A veces también se hace la distinción entre aquellos que están bautizados y pertenecen por tanto formalmente a la Iglesia, pero no llevan una vida conforme a su fe; y aquellos otros que, en cambio, llevan una vida coherente, pero, por diferentes motivos, no han podido entrar oficialmente en la Iglesia. Siguiendo las reflexiones de San Agustín a este respecto, podemos decir que estos últimos sí pertenecen a la Iglesia; mientras que los primeros no cumplen las condiciones interiores para ello.
Podemos estar muy agradecidos de que Dios nos haya dejado una Iglesia visible, y que la haya conservado a lo largo de los siglos. Una y otra vez a lo largo de la historia, se intentó relegar a la Iglesia a su dimensión espiritual, considerándola únicamente como una realidad invisible. Sin embargo, la Iglesia con su jerarquía visible corresponde a la encarnación del Hijo de Dios en la Persona de Jesús.
Lamentablemente tenemos que constatar que se ha perdido en gran medida la unidad originaria de los cristianos, de manera que el testimonio ha quedado opacado. Los errores, las enemistades y la competitividad han dispersado al rebaño, haciéndole perder aquella unidad bajo un solo Pastor visible y la fraternal convivencia.
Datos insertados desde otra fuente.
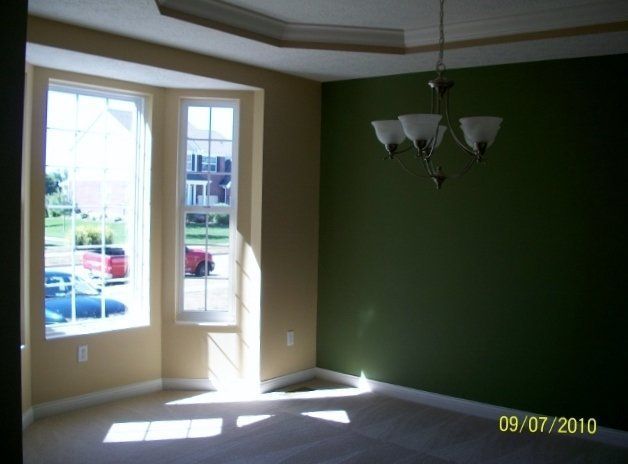 An empty room with green walls and a chandelier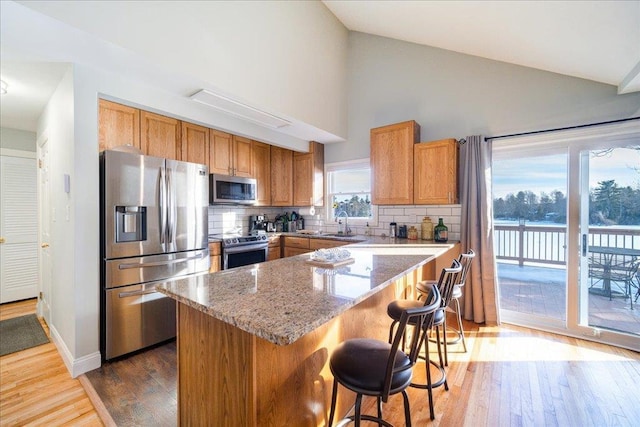 kitchen featuring tasteful backsplash, appliances with stainless steel finishes, a kitchen island, light stone countertops, and hardwood / wood-style floors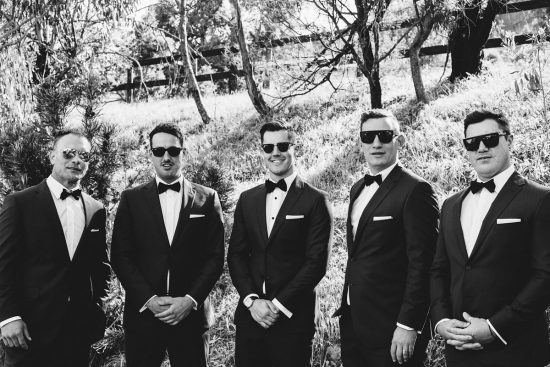groomsmen in black bowties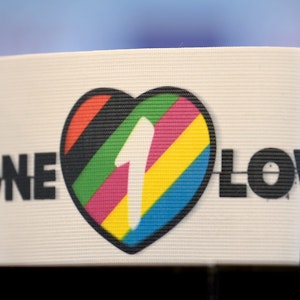 Eine Armbinde, die ein Herz und die Aufschrift „One Love“ trägt, steht auf einer Oberfläche. Das Herz ist mit bunten Streifen sowie der Zahl 1 gefüllt. Die Farben symbolisieren die Vielfalt unterschiedlicher Lebensentwürfe.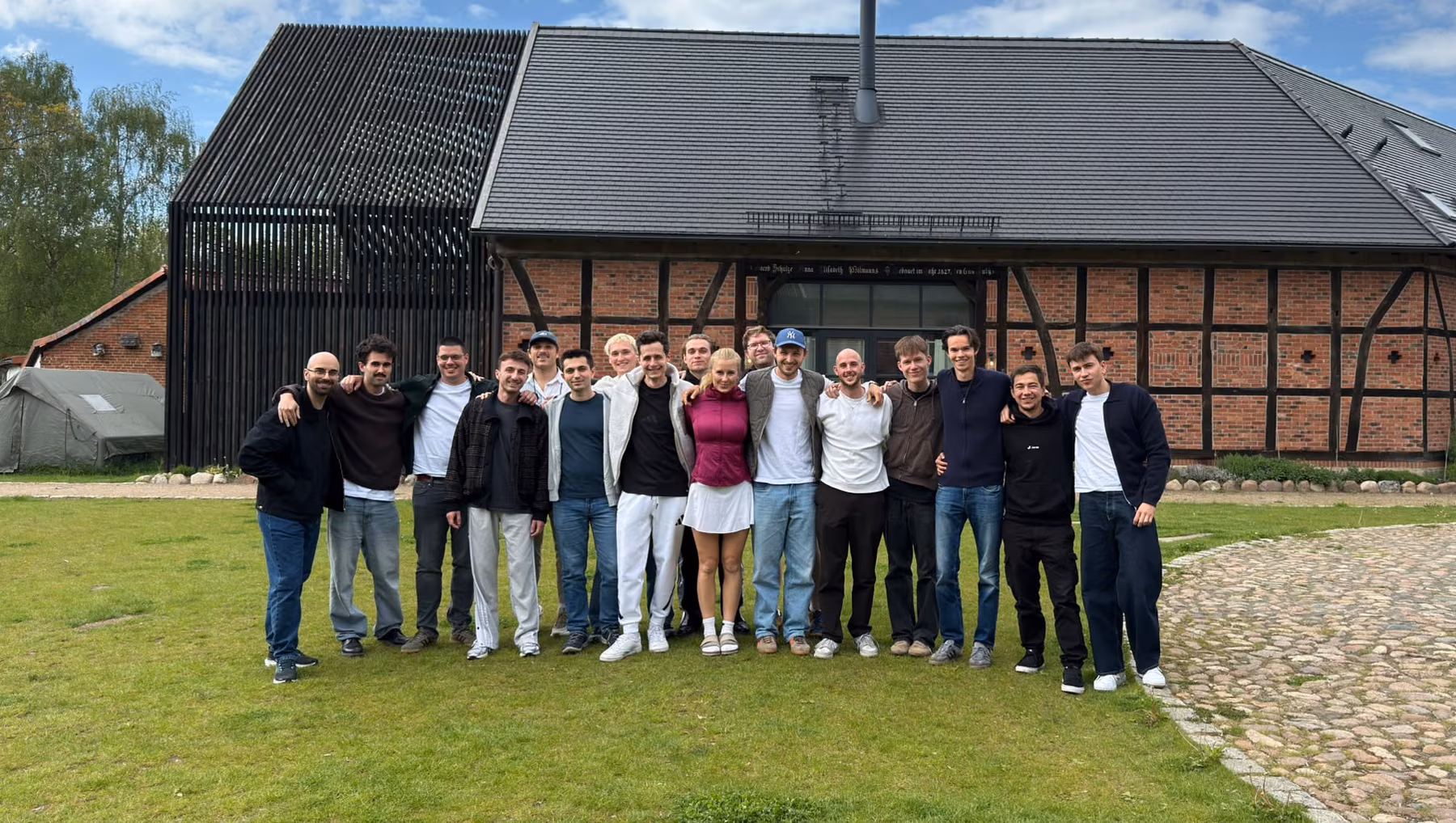 The Jamie team standing together in front of a brick barn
Desde hace algunas décadas se intenta un mayor acercamiento, la destrucción de las barreras y la sanación de las heridas que han surgido. Pero en este ecumenismo hay que tener presente que, tanto en la Iglesia misma como en las comunidades eclesiales, se vive una decadencia de la fe. La unidad en la verdad, que es obra del Espíritu Santo, tiene como prerrequisito que la fe auténtica no esté impregnada de errores, y que las convicciones morales correspondan a la recta doctrina. La Iglesia Católica no puede apartarse de la verdad ni relativizarla en aras de una supuesta unidad.
La unidad que el Señor quiere entre los miembros de la Iglesia, nos constituye en morada de Dios. Él se acerca tanto a nosotros que quiere habitar en nuestro interior, y si le permitimos entrar en nuestra vida, nos convertiremos en un templo de Dios en el Espíritu. Esto cuenta para las parroquias, para las comunidades, para las familias, llamadas a ser “Iglesias domésticas”, y también para cada persona en particular.
Si nosotros mismos nos convertimos en templos del Dios vivo, comprenderemos aún mejor cómo es que el Señor edifica Su Iglesia. Él quiere estar presente en todas partes y ofrecer a cada persona la comunión con Él. Si los hombres escuchan nuestro anuncio del Evangelio, entonces nos convertimos en un puente del Dios vivo. De esta manera, la otra persona no solamente se encontrará con un testigo que le habla sobre Dios y Su Iglesia; sino con alguien en quien Él mismo está presente y en quien ha establecido ya su Iglesia.
¡Cuán maravilloso es el Dios a quien tenemos la gracia de servir! ¡Cuánto nos honra y nos ama al querer convertirnos en templos de Su gloria!